Red Hat Bugzilla – Bug 1345876
Restarting a resource in a resource group on a remote node restarts other services instead
Last modified: 2016-11-03 14:59:52 EDT
Description of problem: When requesting a resource that is part of a resource group running in a remote node to restart, a different resource in the group is restarted instead. Version-Release number of selected component (if applicable): pacemaker-1.1.13-10.el7_2.2 and pacemaker-1.1.15-2.el7 How reproducible: Always Steps to Reproduce: 1. Configure a remote node 2. Configure 4 random resources in a resource group 3. Start all resources in remote node 4. Restart one of the resources Actual results: A random, different resource than requested is restarted: # pcs resource Resource Group: group database (ocf::heartbeat:pgsql): Started rhel7c.usersys.redhat.com appserver (ocf::heartbeat:tomcat): Started rhel7c.usersys.redhat.com webserver (ocf::heartbeat:apache): Started rhel7c.usersys.redhat.com mailserver (ocf::heartbeat:postfix): Started rhel7c.usersys.redhat.com vm-rhel7c (ocf::heartbeat:VirtualDomain): Started rhel7pm1.usersys.redhat.com # date && pcs resource restart webserver Mon 13 Jun 12:12:47 BST 2016 webserver successfully restarted # journalctl -f Jun 13 12:12:49 rhel7pm1.usersys.redhat.com crmd[19581]: notice: Result of stop operation for mailserver on rhel7c.usersys.redhat.com: ok | call=81 key=mailserver_stop_0 confirmed=true rc=0 cib-update=37 Jun 13 12:12:52 rhel7pm1.usersys.redhat.com crmd[19581]: notice: Result of start operation for mailserver on rhel7c.usersys.redhat.com: ok | call=82 key=mailserver_start_0 confirmed=true rc=0 cib-update=38 webserver != mailserver Expected results: The requested resource (rather than a different resource) is restarted. Additional info:
This is expected behavior. Restarting a resource does not (and should not) ignore any dependencies. So if resource B is ordered after A (whether by an order constraint, or by being later in a group), and we restart A, then B must stop beforehand and start afterward. Of course, the target resource should restart as well. Let me know if it did not. You can ignore dependencies if desired, by setting them as unmanaged before doing the restart. There are many situations where a restart can affect other resources. A restart is simply a normal stop followed by a normal start, so anything that might normally change after a stop can happen during a restart. Besides constraints as mentioned above, factors such as stickiness and placement strategy could come into play.

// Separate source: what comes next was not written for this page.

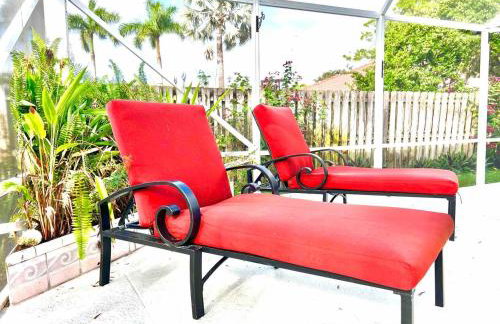 Wellington Pool House With Spa and Putting Green - Foto 4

Sorry if that wasn't clear: there are no configured dependencies.
A group implies ordering and colocation between its members, so restarting mailserver is expected when restarting webserver. However, webserver itself does not get restarted, which is a bug. This is what happens when the command is run: * target-role for webserver is set to Stopped. The command is supposed to wait at this point until webserver is stopped, but it does not. * Because mailserver is listed after webserver in the group, the cluster schedules stops for mailserver then webserver. * The request to stop mailserver is initiated and executed. * Before the request to stop webserver can be initiated, target-role for webserver is cleared (because the command did not wait as it was supposed to). * The cluster cancels the stop for webserver since it is no longer needed, and starts mailserver. I'll investigate why the command is not waiting when it is supposed to.
This is fixed upstream as of commit f5afdc1. What was happening is that the group was being looked at as a whole -- so long as any member was started, the group was considered started, so crm_mon wasn't waiting for the individually stopped member to start again. Now, crm_mon expands groups into their individual resources, so starts/stops are monitored individually.
Thank you Ken. Looking at the patch I understand that the problem is unrelated to the resource group preferring a remote node?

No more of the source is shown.